■ WORK TO COMPLETE:
Please retype the entries below exactly, only from their first line through the line containing "36 Dual Fuel", leaving every picture out.

(Source records)
== Segment start ==
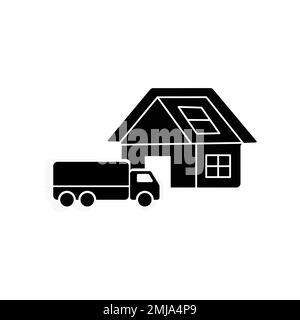 Home delivery vector icon. Delivery truck icon. Transportation service for houses.Van symbol. Shipping service illustration. Stock Vector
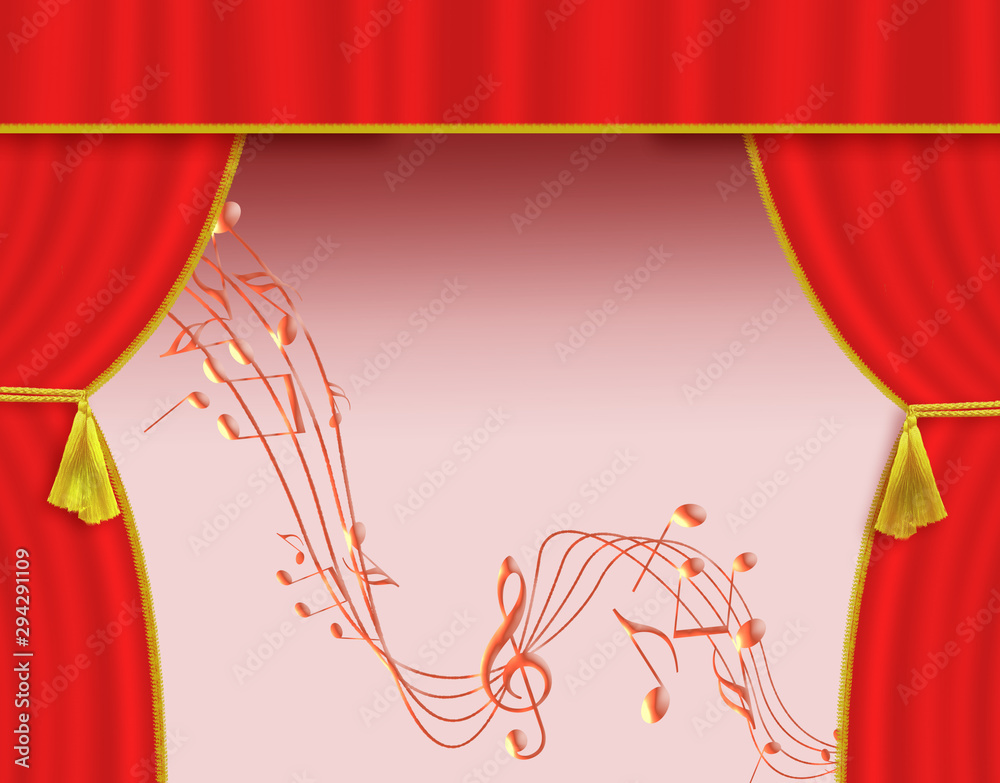 Naklejka premium 譜面 音楽 五線譜 コンサート ミュージック 楽譜 ステージ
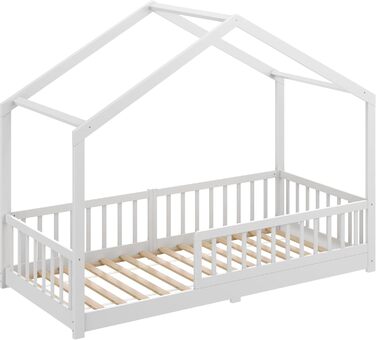 Дитяче ліжко CADANI Malte 90x200 см Ліжко-будиночок зі знімними захисними поручнями, вантажопідйомність до 200 кг, висувна рейкова основа, підлогове ліжко Монтессорі з масиву сосни, біле 90x200 см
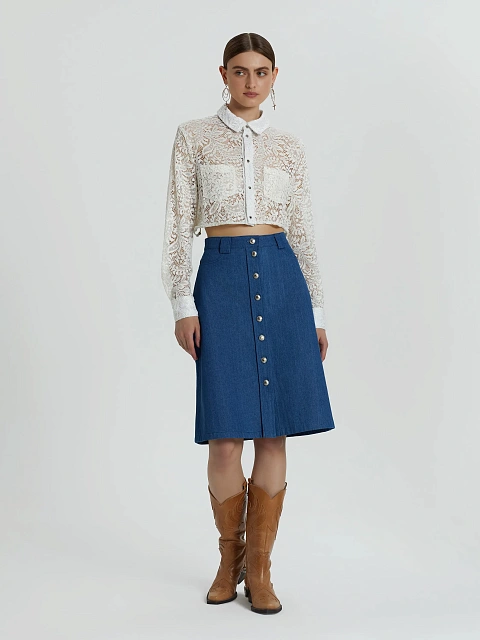 Синяя юбка-миди из денима, 2 Синяя юбка-миди из денима, 2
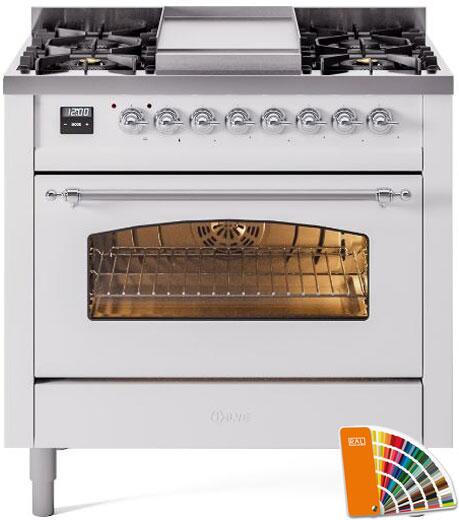 36 Dual Fuel Natural Gas Range with Chrome Trim L754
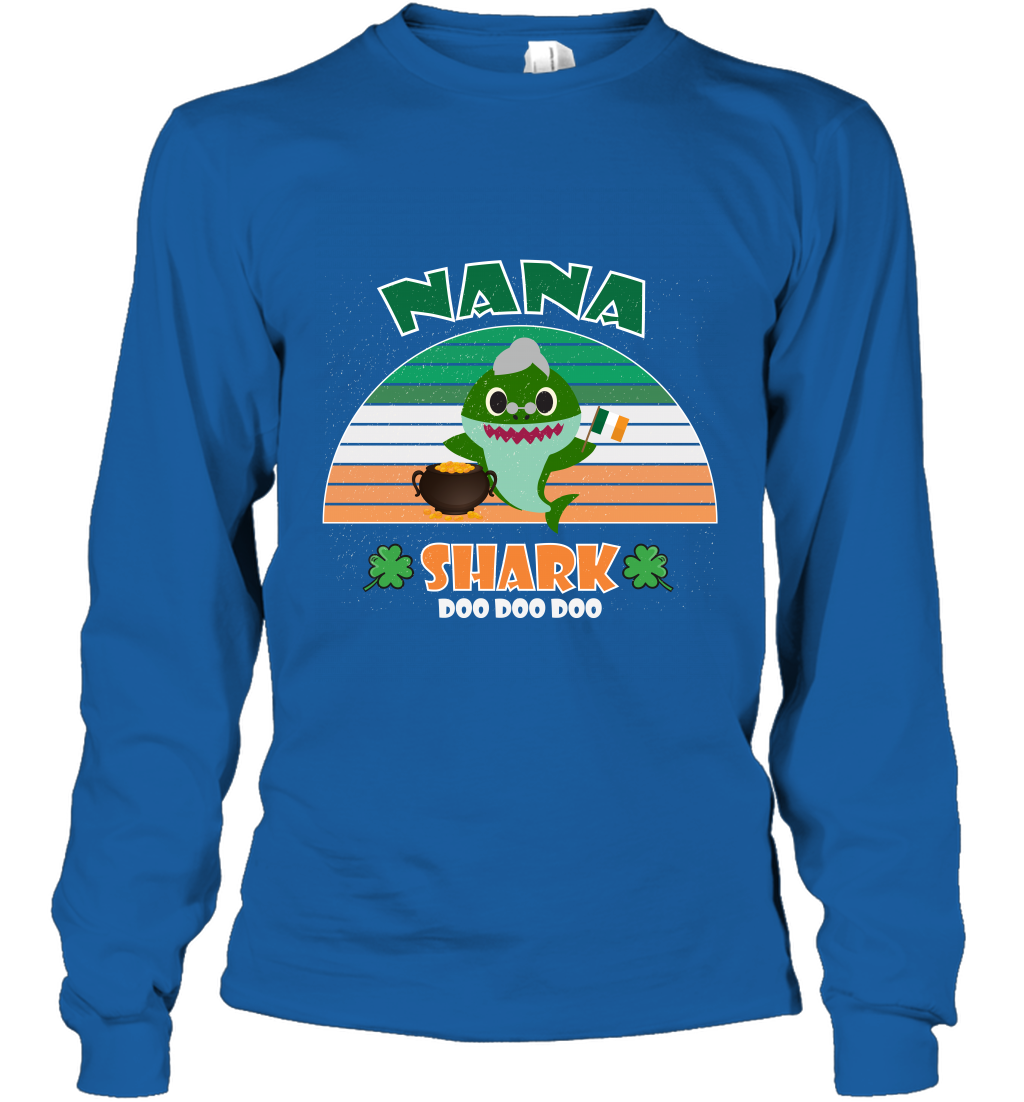 Irish Nana Shark Saint Patricks Day Family Shirt Long Sleeve T-Shirt Royal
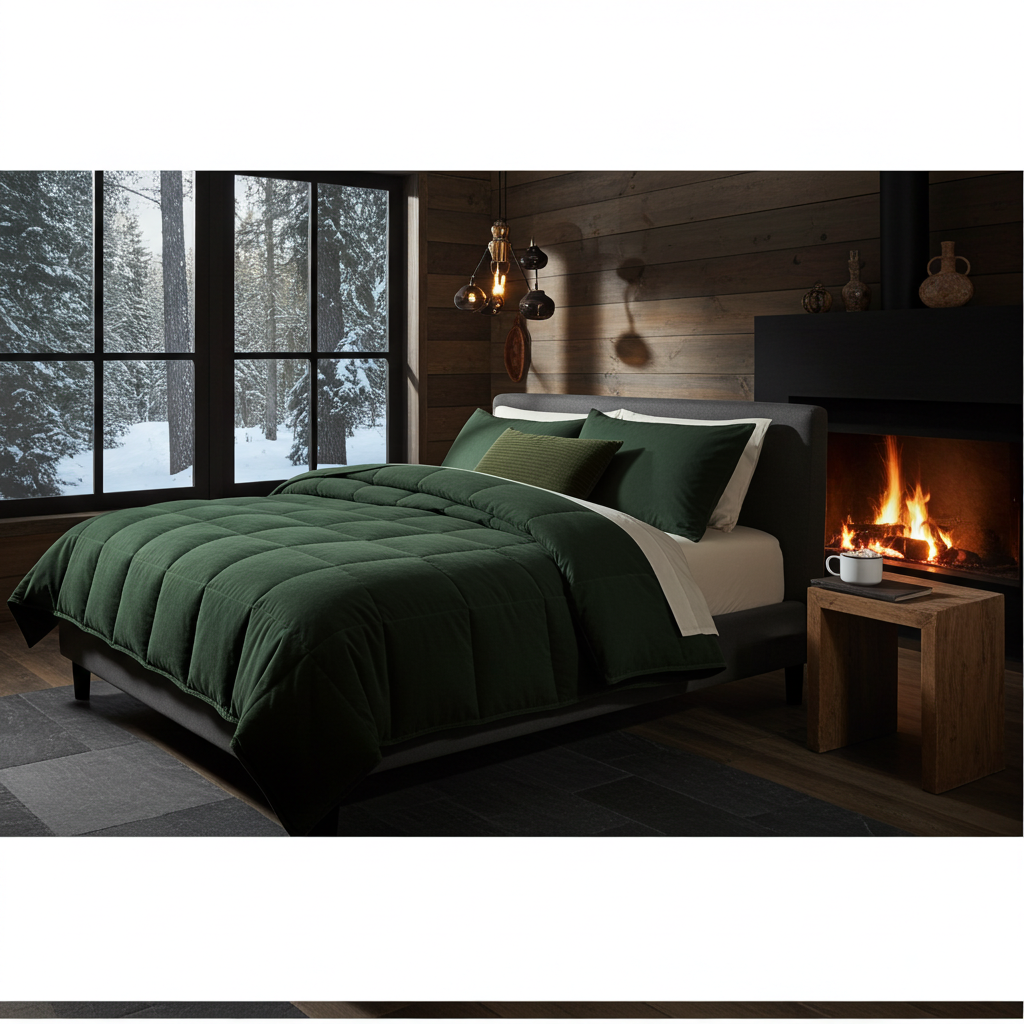 Forest Green Quilted Comforter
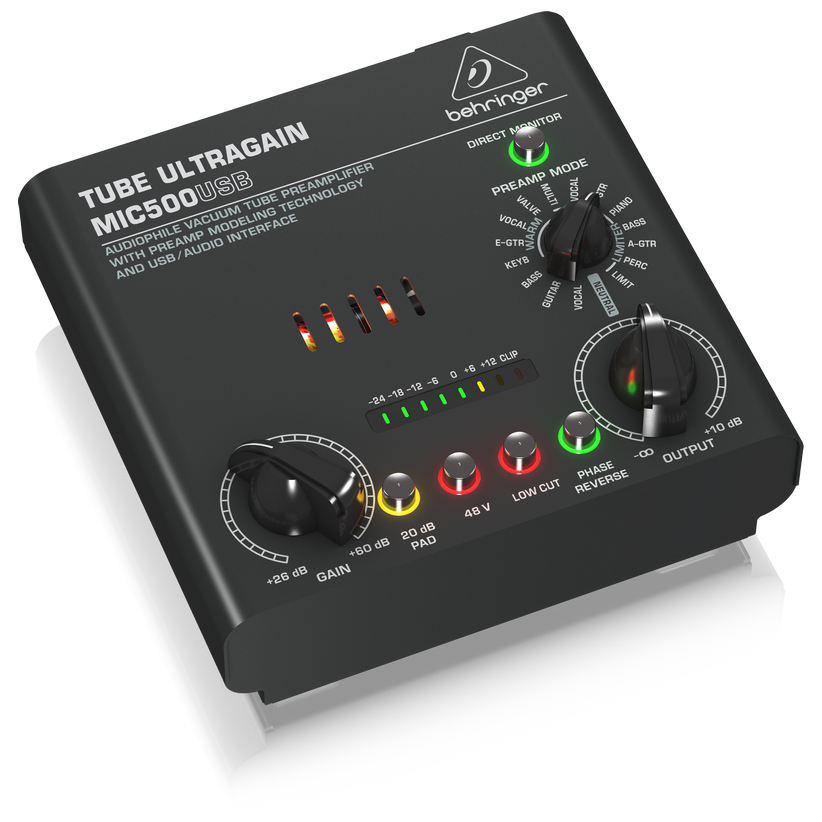 BEHRINGER MIC500USB TUBE ULTRAGAIN ΠΡΟΕΝΙΣΧΥΤΗΣ ΜΕ ΛΥΧΝΙΑ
== Segment end ==
■ WRITTEN ANSWER:
 Home delivery vector icon. Delivery truck icon. Transportation service for houses.Van symbol. Shipping service illustration. Stock Vector
 Naklejka premium 譜面 音楽 五線譜 コンサート ミュージック 楽譜 ステージ
 Дитяче ліжко CADANI Malte 90x200 см Ліжко-будиночок зі знімними захисними поручнями, вантажопідйомність до 200 кг, висувна рейкова основа, підлогове ліжко Монтессорі з масиву сосни, біле 90x200 см
 Синяя юбка-миди из денима, 2 Синяя юбка-миди из денима, 2
 36 Dual Fuel Natural Gas Range with Chrome Trim L754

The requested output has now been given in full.